Wherever the word "White" occurs in the listing below, copy that whole line.

DATA TO USE
'''

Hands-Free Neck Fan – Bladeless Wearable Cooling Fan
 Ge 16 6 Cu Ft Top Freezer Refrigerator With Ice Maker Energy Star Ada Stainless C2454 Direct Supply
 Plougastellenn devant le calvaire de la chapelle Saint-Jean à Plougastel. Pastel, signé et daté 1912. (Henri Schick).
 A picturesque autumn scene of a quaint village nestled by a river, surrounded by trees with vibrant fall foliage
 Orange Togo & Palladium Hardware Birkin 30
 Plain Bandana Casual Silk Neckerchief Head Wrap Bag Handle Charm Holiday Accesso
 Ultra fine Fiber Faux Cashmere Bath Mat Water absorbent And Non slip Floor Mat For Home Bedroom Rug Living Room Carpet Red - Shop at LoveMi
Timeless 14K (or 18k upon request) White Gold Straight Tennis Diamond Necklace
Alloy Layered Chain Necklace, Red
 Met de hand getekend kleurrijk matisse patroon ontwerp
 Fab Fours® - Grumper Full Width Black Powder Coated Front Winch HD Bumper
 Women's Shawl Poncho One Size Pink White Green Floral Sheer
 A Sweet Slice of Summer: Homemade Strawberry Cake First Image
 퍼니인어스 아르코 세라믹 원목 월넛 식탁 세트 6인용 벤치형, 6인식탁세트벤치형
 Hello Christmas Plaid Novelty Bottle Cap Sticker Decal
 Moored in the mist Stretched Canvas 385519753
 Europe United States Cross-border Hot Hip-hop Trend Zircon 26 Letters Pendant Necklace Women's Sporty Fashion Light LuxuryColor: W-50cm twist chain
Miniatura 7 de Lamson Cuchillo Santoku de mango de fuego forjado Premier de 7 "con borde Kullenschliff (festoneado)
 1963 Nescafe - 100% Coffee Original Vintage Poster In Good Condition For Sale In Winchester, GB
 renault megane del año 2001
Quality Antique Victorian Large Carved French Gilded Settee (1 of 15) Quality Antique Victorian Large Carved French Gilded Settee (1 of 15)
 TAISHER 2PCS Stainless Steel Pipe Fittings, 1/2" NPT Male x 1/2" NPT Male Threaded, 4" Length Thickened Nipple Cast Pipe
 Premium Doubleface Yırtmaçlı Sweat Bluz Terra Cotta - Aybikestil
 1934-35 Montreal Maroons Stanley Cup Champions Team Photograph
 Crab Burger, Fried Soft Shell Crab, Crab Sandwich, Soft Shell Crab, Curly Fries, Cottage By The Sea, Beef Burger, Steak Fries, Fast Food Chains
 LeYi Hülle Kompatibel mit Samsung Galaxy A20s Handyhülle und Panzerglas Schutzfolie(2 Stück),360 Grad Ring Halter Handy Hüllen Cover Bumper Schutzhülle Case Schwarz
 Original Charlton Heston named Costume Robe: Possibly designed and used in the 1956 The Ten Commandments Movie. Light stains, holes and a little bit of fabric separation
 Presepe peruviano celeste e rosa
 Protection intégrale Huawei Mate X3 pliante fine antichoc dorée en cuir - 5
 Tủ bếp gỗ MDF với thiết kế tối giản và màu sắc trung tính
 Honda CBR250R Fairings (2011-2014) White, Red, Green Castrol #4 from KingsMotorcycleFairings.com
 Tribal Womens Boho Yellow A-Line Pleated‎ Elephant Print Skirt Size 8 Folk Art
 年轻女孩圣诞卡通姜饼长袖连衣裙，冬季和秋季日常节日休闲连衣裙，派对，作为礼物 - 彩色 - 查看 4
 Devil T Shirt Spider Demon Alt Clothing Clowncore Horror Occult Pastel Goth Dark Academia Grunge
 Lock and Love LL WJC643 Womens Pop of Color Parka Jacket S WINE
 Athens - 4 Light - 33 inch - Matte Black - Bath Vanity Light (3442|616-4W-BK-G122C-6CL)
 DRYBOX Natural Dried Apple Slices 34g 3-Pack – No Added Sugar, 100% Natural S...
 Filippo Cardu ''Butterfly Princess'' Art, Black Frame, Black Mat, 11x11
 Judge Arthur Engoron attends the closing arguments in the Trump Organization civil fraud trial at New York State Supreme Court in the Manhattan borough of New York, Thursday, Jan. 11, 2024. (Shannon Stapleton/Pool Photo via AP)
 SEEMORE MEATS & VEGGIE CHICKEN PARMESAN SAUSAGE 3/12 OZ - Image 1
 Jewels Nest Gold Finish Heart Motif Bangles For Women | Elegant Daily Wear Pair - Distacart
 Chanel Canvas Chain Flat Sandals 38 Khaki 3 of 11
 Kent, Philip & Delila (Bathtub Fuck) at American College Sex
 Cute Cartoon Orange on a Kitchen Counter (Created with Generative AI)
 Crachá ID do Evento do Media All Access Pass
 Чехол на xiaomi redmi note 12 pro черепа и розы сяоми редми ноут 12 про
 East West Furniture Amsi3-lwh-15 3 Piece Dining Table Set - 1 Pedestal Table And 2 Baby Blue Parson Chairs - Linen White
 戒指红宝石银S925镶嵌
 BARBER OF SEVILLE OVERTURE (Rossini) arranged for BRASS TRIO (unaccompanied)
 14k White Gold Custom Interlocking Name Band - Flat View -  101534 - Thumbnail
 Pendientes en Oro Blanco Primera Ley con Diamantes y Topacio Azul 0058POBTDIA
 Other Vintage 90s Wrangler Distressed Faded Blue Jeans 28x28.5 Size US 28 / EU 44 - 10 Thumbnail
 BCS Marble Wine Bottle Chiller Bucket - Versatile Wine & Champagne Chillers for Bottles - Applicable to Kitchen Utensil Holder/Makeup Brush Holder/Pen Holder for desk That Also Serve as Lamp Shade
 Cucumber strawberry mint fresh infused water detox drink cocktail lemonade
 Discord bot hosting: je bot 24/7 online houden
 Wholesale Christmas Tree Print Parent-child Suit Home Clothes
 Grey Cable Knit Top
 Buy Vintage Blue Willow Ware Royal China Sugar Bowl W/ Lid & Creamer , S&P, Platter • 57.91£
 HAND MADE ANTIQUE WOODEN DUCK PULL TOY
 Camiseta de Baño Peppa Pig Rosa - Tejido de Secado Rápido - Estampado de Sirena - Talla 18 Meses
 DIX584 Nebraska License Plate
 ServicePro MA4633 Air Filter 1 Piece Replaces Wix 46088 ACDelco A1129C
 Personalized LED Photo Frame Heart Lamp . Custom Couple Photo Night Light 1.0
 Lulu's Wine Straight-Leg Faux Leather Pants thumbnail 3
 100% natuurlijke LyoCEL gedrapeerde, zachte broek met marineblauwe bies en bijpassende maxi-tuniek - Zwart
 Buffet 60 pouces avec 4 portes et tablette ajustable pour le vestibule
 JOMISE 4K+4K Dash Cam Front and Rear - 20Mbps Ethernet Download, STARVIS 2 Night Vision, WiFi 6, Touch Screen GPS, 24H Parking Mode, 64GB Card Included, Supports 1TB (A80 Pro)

'''

TASK SOLUTION
Timeless 14K (or 18k upon request) White Gold Straight Tennis Diamond Necklace
 Women's Shawl Poncho One Size Pink White Green Floral Sheer
 Honda CBR250R Fairings (2011-2014) White, Red, Green Castrol #4 from KingsMotorcycleFairings.com
 East West Furniture Amsi3-lwh-15 3 Piece Dining Table Set - 1 Pedestal Table And 2 Baby Blue Parson Chairs - Linen White
 14k White Gold Custom Interlocking Name Band - Flat View -  101534 - Thumbnail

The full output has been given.